EXERCISE INSTRUCTIONS
If a line below falls between the line with "Unatoč lošem vremenu svi pohrlili na plaže" and the line with "A festa espalha-se pela freguesia", or is one of those two, output it exactly; output nothing else and no pictures.

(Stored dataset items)
_ _ _ _ _

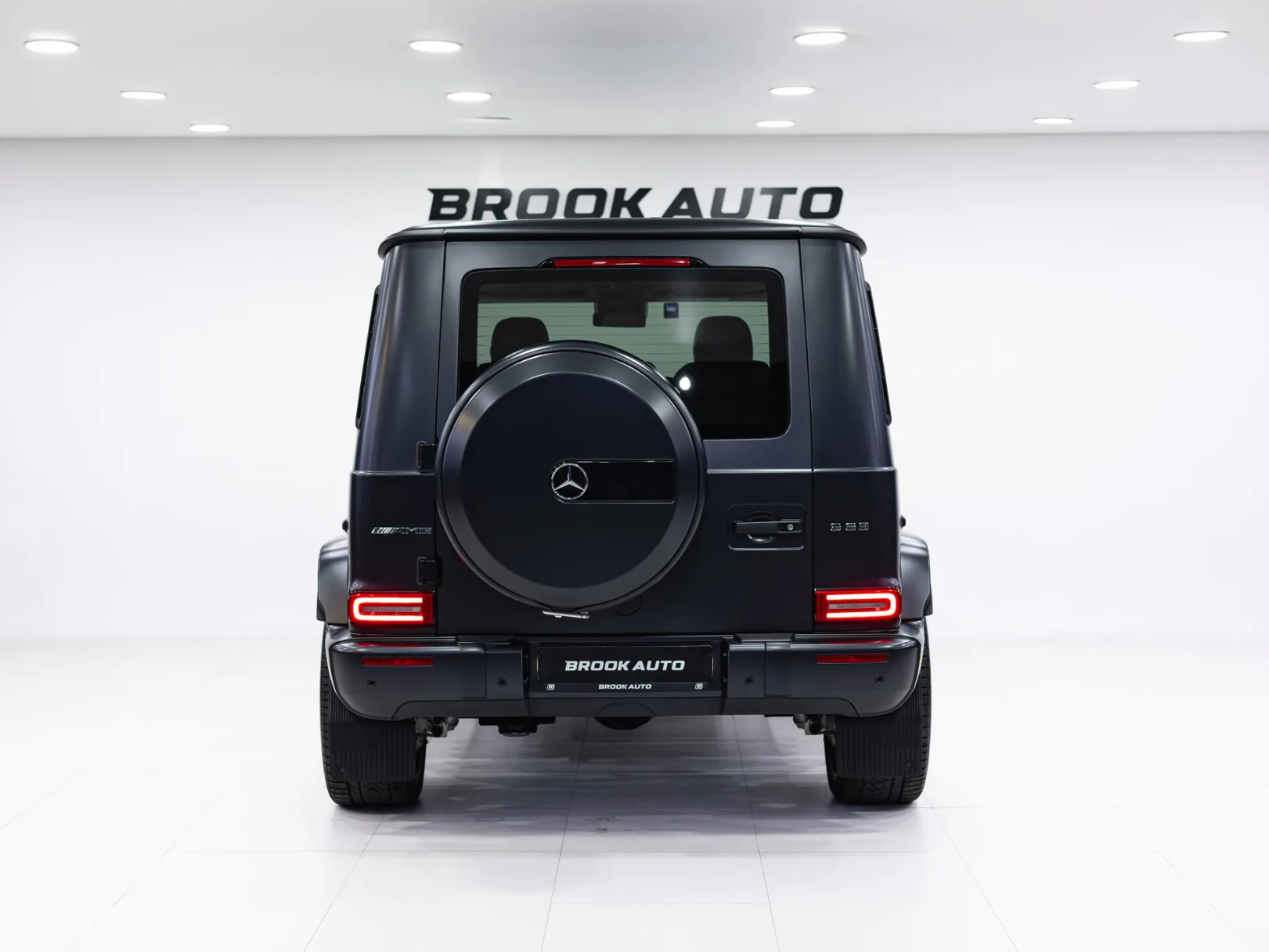 Mercedes-Benz G-Класс AMG G 63 II (W463), 2021 — экстерьер, фото 5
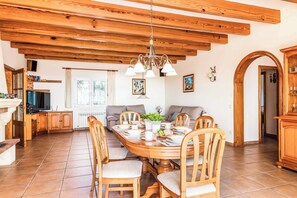 Dining - Casa del Sol - Six Bedroom Villa, Sleeps 7 (Binibeca)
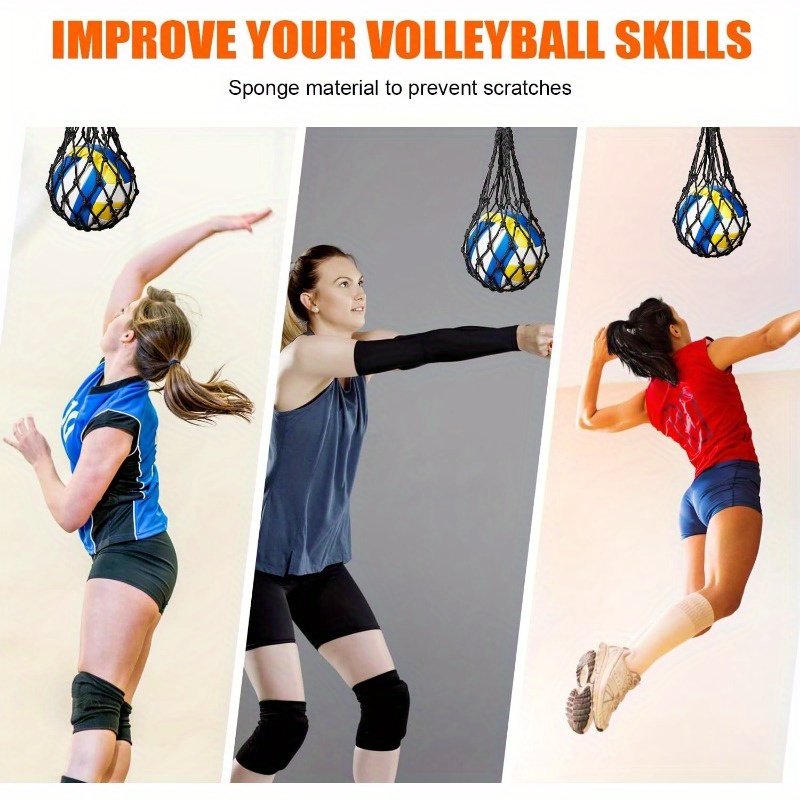 Volleyball Spike Trainer, Volleyball Training Aids, Adjustable Volleyball  Training Tool For Jumping, Arm Speed And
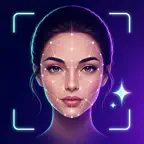 Face Shape Analyzer : Facet iOS Icon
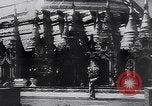 Image of Japanese architecture Burma, 1945, second 12 stock footage video 65675031639
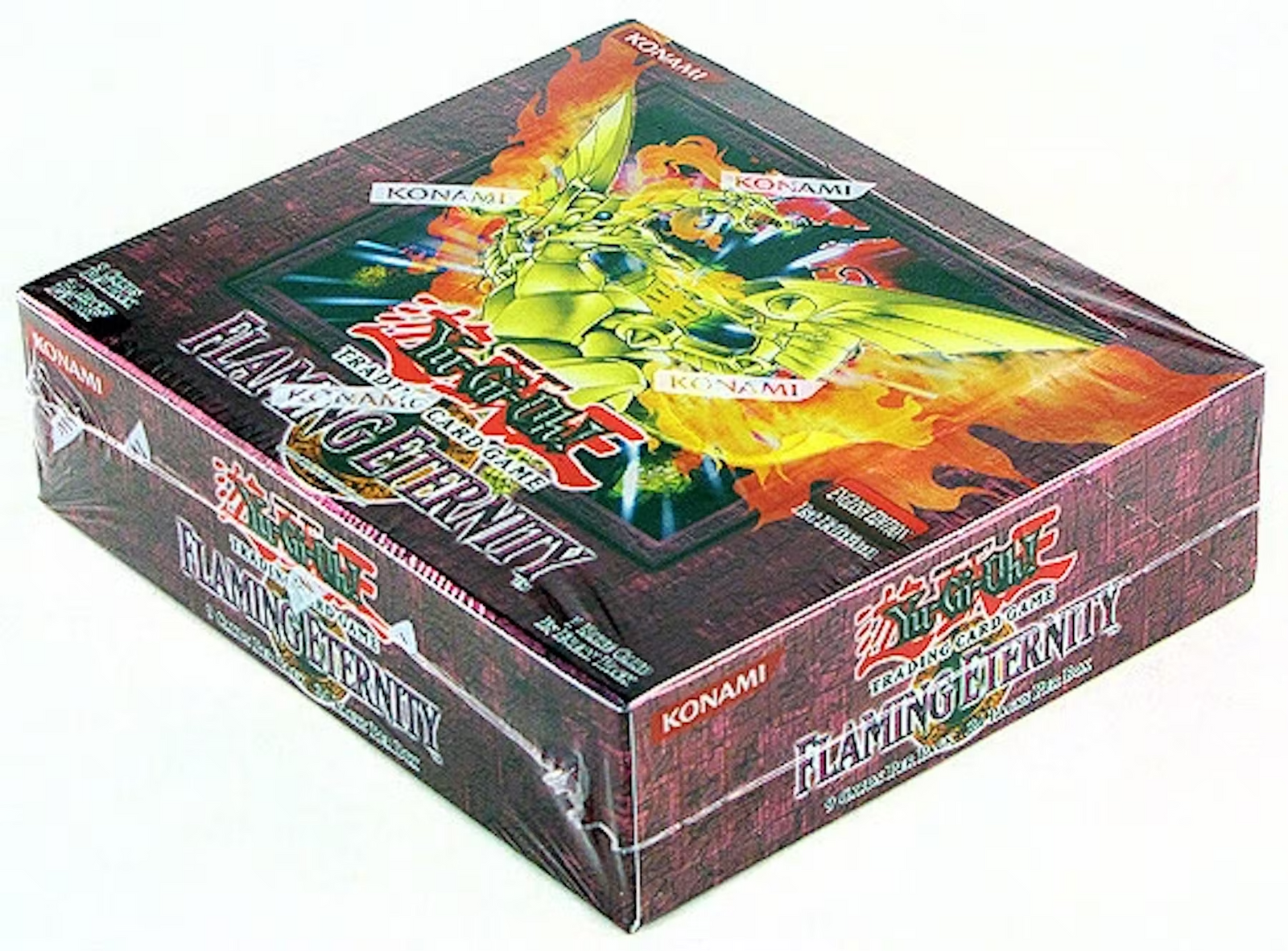 YU-GI-OH! Flaming Eternity 1st Edition Booster Box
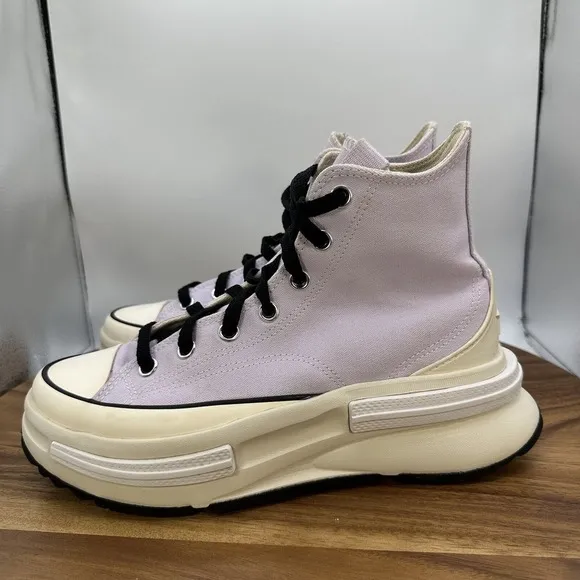 Converse Run Star Legacy CX Hi Vapor Violet Shoes A03064C Platform Women's 8.5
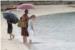 Unatoč lošem vremenu svi pohrlili na plaže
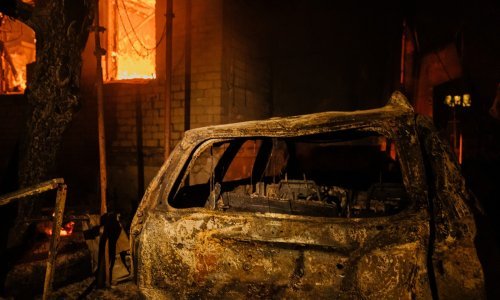 Dvojica Ukrajinaca poginula u napadu ruskog drona u Hersonu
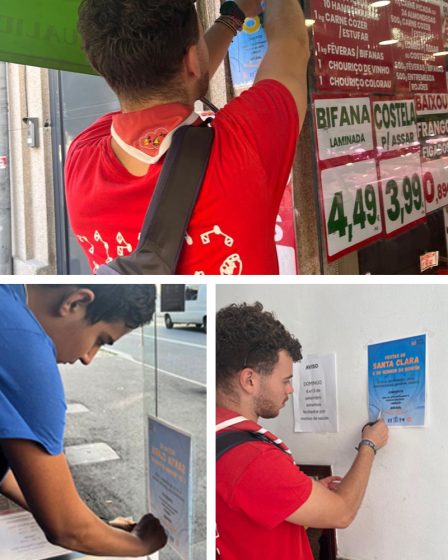 A festa espalha-se pela freguesia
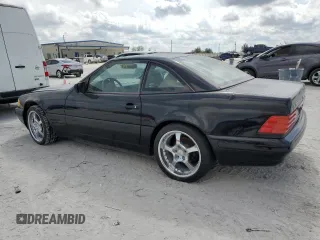 1998 Mercedes-Benz SL-Class with VIN WDBFA67F7WF156450, listed as a Copart auction lot 45967085 with 0 mi miles and Clean Title. Bid and sale history available at carsss.com. Image 2.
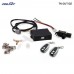 Wireless Remote Vacuum Exhaust Cutout Valve Controller Set with 2 Remotes For GM 6.6L LB7 Duramax Diesel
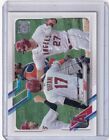 2021 Topps #621 Los Angeles Angels Tc 70Th Anniversary Excellent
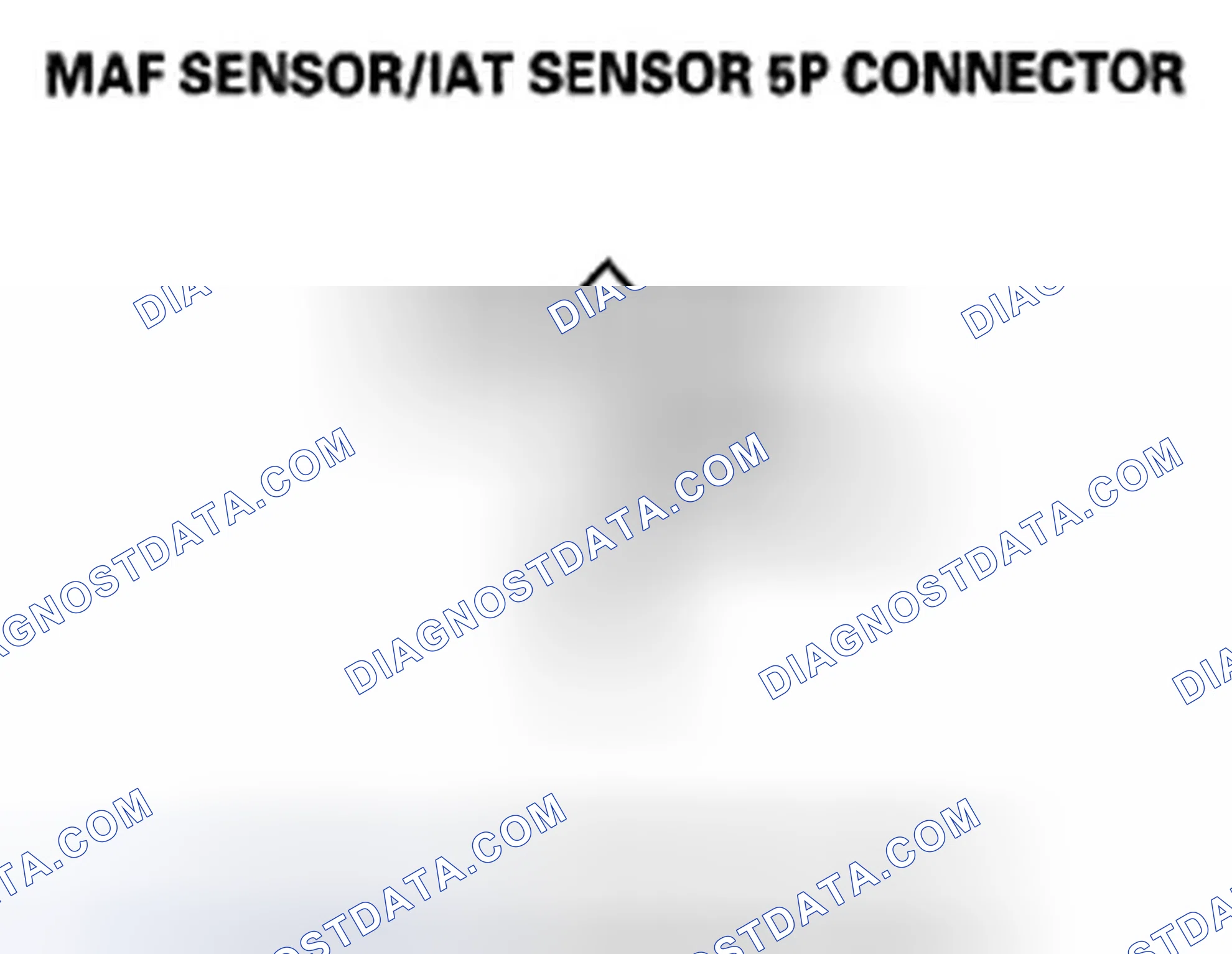 Scheme 357: DTC P0102: MAF Sensor Circuit Low Voltage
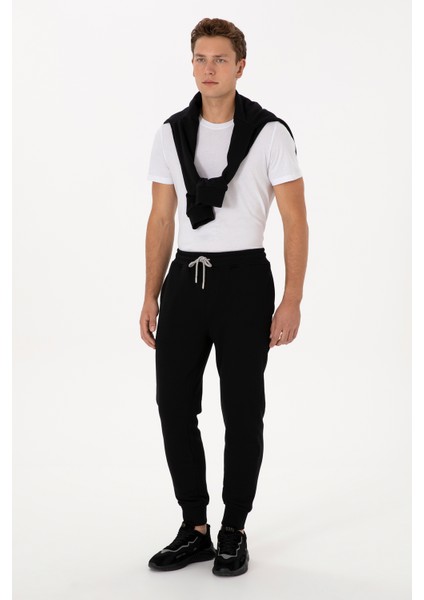 Erkek Siyah Eşofman Altı 50315631-VR046 modelleri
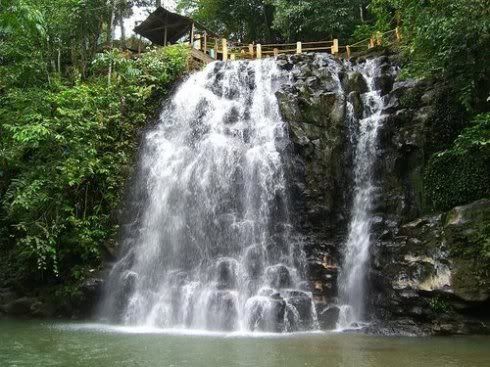 wallpaper pemandangan air terjun. Air terjun Subulus Salam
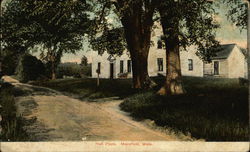 Hall Place Postcard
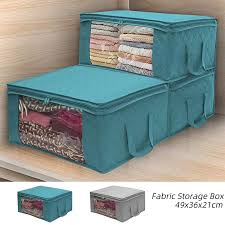 The folding storage box are available in amazing designs and features. Folding Storage Box Dirty Clothes Collecting Case Non Woven Fabric With Zipper Moisture Proof Quilt Storage Box Storage Boxes Bins Aliexpress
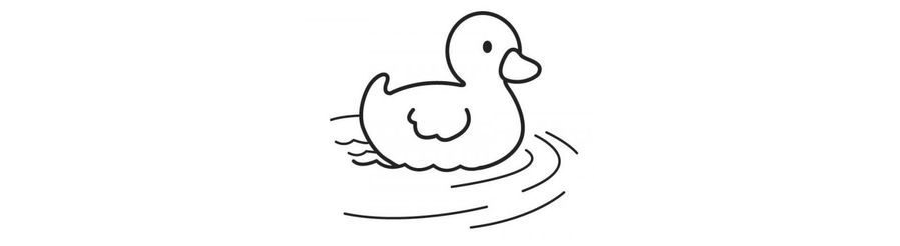 Fichas de patos para colorear 3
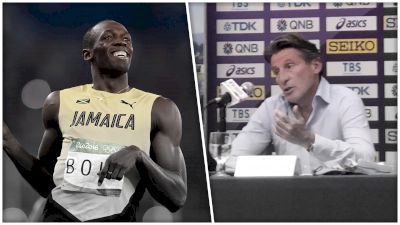 World Athletics President Seb Coe On Who Can Be The Next 'Usain Bolt' For The Sport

_ _ _ _ _

EXPECTED ANSWER
 Unatoč lošem vremenu svi pohrlili na plaže
 Dvojica Ukrajinaca poginula u napadu ruskog drona u Hersonu
 A festa espalha-se pela freguesia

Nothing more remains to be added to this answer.